Editorials

Why Haven't Unions Done Better in the Obama Era?

Jack Goldsmith

Jack Goldsmith is the Learned Hand Professor of Law at Harvard Law School, where he teaches and writes about national security law, international law, internet law, and, recently, labor history.  Before coming to Harvard, Professor Goldsmith served as Assistant Attorney General, Office of Legal Counsel from 2003-2004, and Special Counsel to the Department of Defense from 2002-2003.

Unions were central to the election and re-election of President Obama, and to the passage of Obamacare.  But some unions are not pleased with his administration right now because on some important issues, including Obamacare, the administration seems to be working against the interests of unions and the workers they represent.  “We won’t allow this war on workers to stand,” recently charged the union representing U.S. Airways flight attendants, in response to the Obama Justice Department’s attempt to block the merger between American Airlines and U.S Airways.  The Association of Flight Attendants is one of several unions that oppose the Obama administration on this issue.  The unions’ kerfuffle with DOJ comes on the heels of strident complaints by major U.S. unions that Obamacare “will shatter not only our hard-earned health benefits, but destroy the foundation of the 40 hour work week that is the backbone of the American middle class.”  Last week’s Nevada AFL-CIO Resolution provides a full sense of union betrayal on this issue when it states that “the Congress and the Administration have demonstrated they have the authority and power to make dozens of other corrections to the ACA, including taking care of big business and well-paid Congressional staff members, but have yet to provide our unions with any relief to allow our healthcare plans to continue as they have for over 65 years.”

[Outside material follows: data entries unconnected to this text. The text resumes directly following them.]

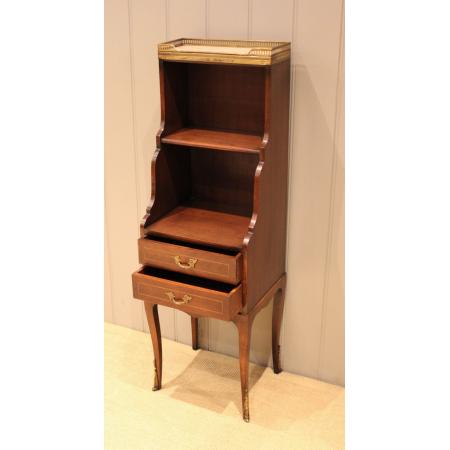 französischer Mahagoni Beistellschrank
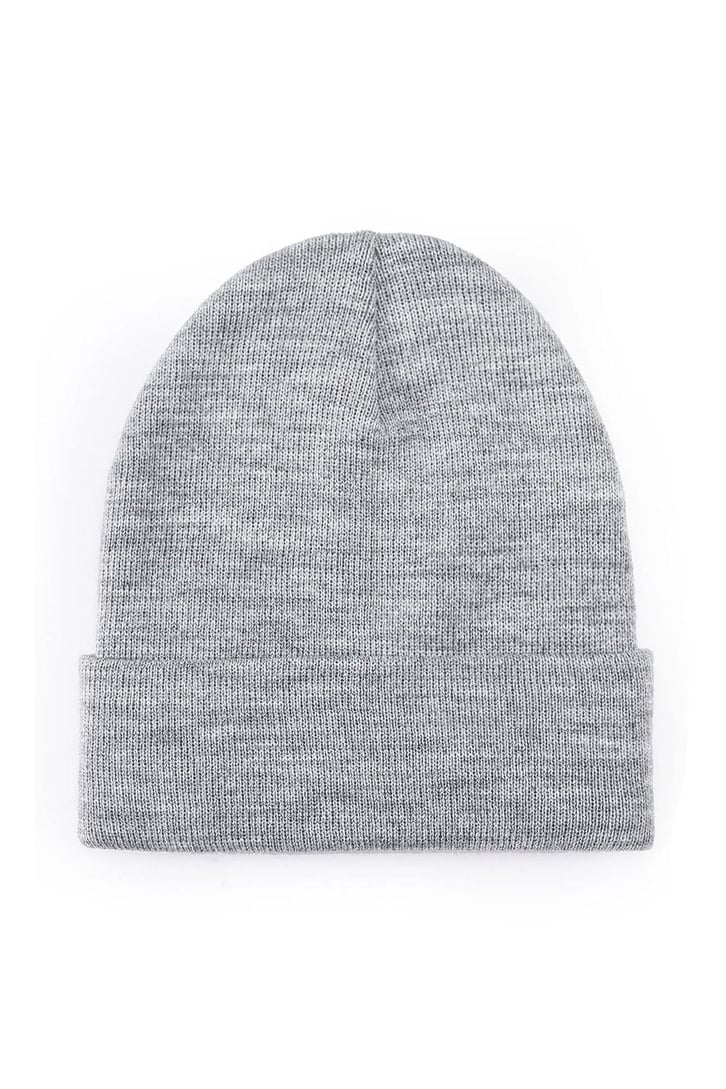 Basic Unisex Siyah Triko Bere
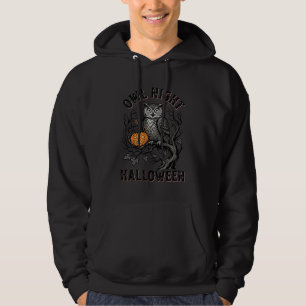 Sudadera Camiseta de búho de Halloween Diseño de pájaro esp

All of which raises the question: Why haven’t unions – though they won victories in 2009 with the economic stimulus and auto industry bail out – come close to achieving the influence and success in the Obama era that they anticipated just after his election in 2008 This is a large question with many components and many answers.  Some intelligent answers to some of the questions can be found in Taylor Dark’s 2011 essay The Economic Crisis and Organized Labor: Resentment Over Solidarity, published in New Political Science.  The essay is unfortunately behind a paywall, but here is an excerpt from the introduction:

The failure of unions to capture the imagination of the public or achieve new gains in membership and collective bargaining during a time of capitalist-induced economic crisis demands explanation.  . . .  Especially when the labor movement is composed largely of public employees and industrial workers dependent on financial support from government for survival, the capacity of unions to gain public support is sharply limited.  Yet, unions can hardly afford to abandon their last remaining redoubts of successful organization.  Unions are thus caught in a downward spiral: forced by reasons of responsibility and expediency to defend their existing membership base, yet condemned to become increasingly unpopular to the extent they are effective in doing so.  While labor’s opponents can go too far, as was seen in Wisconsin in early 2011, and thus engender increased public sympathy for unions, this does not alter the strategically weak position in which unions find themselves.  Although unions did make serious efforts to establish themselves as bearers of a larger public good, especially on economic issues, on the whole they were unable to escape the constraints inherent in their marginalized status as representatives of isolated and highly delimited sections of the American workforce.  In the end, resentment of union privileges triumphed over solidarity with union workers.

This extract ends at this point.